Quiero, como otro, pedirte: “Hazme una cruz sencilla/ carpintero.../ sin añadidos, ni ornamentos.../ que se vean desnudos los maderos/ desnudos y decididamente rectos/ los brazos en abrazo hacia la tierra/ el astil disparándose a los cielos/ Que no haya un solo adorno/ que distraiga este gesto/ este equilibrio humano/ de los dos mandamientos.../ sencilla, sencilla.../ hazme una cruz sencilla, carpintero” (“Una Cruz sencilla” – León Felipe).
Veo en la Cruz un símbolo radical. La verdadera cátedra, desde la que Cristo predica la gran lección de su vida, pasión y muerte. Veo el resumen de toda teología que me habla de Dios, del misterio de la salvación de Cristo y de la vida cristiana. La cruz es todo un discurso que me presenta a un Dios trascendente, pero cercano; un Dios que ha querido vencer el mal con su propio dolor; un Cristo que es Juez y Señor, pero a la vez es siervo que ha querido llegar a la total entrega de si mismo, como imagen plástica del amor y de la condescendencia de Dios.
Lope de Vega, al verte en una imagen, meditó en tu sufrimiento y se preguntó “¿Quién es aquel Caballero/ herido por tantas partes/ que está de expirar tan cerca/ y no le socorre nadie?/ “Jesús Nazareno”, dice/ aquel rótulo notable/ ¡Ay Dios, que tan dulce nombre no promete muerte infame!/ Después del nombre y la patria/ Rey dice más adelante/ pues si es rey/ ¿cuándo de espinas han usado coronarse?” (“A Cristo en la Cruz”, verso 1).
La cruz es el signo de la fe que ilumina nuestra vida, nos da esperanza, nos enseña el camino, nos asegura la victoria de Cristo, a través de la renuncia a sí mismo, y nos compromete a seguir el mismo estilo de vida para llegar a la nueva experiencia del resucitado.

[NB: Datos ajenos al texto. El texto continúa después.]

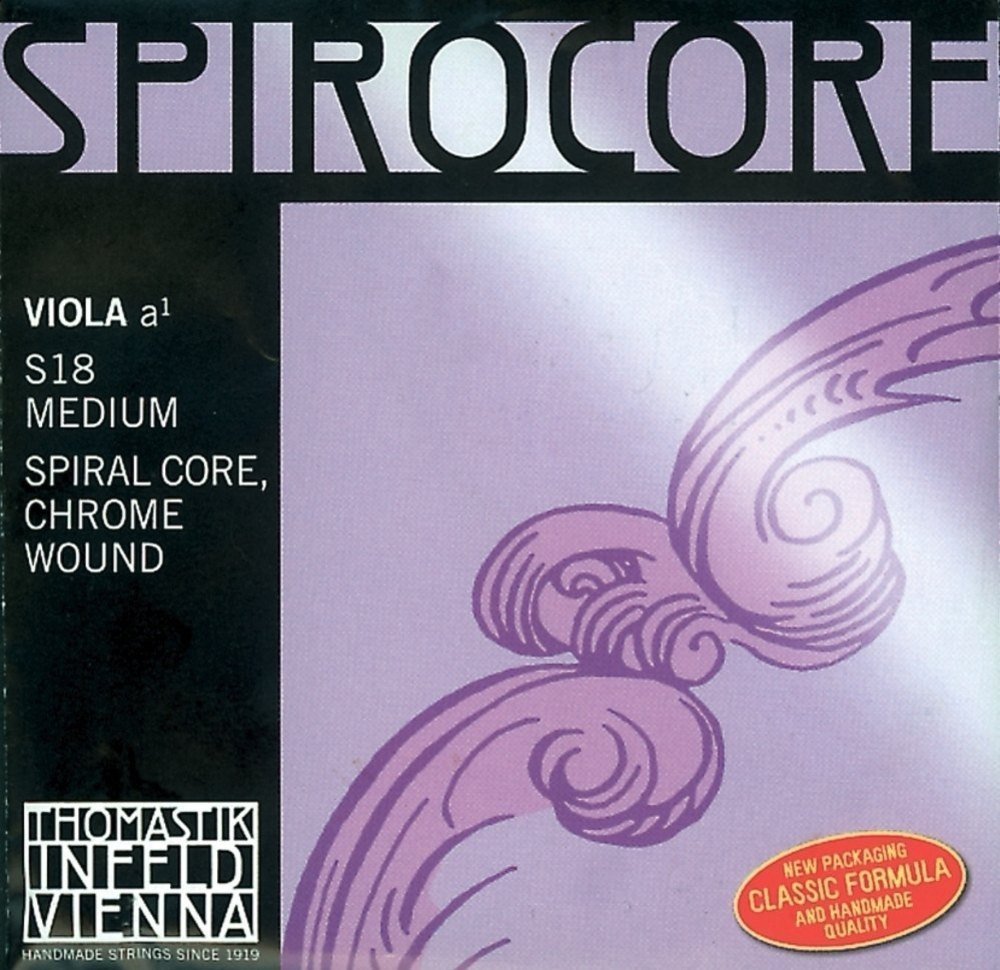 Thomastik single string for viola 4/4 Spirocore - A-string spiral core aluminum wound, strong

Cerraré mis ojos para verte y diré “¿Cómo era aquel rostro?/ Mira bien/ componlo tú/ ¿A quién se parece?/ ¿A quién te recuerda?/ La Luz entra/ por los cabellos manchados de sangre/ y te ofrecen un espejo/ ¡Mira bien!... ¿No ves cómo llora?/ ¿No eres tú?... ¿No eres tú mismo?/ ¡Es el hombre!/ El hombre hecho Dios/ ¡Qué consuelo!/ No me entendéis.../ ¿Por qué estoy alegre?/ No sé.../ tal vez porque me gusta más así/ el hombre hecho Dios/ que el Dios hecho hombre” (“El Cristo de Velásquez” – León Felipe).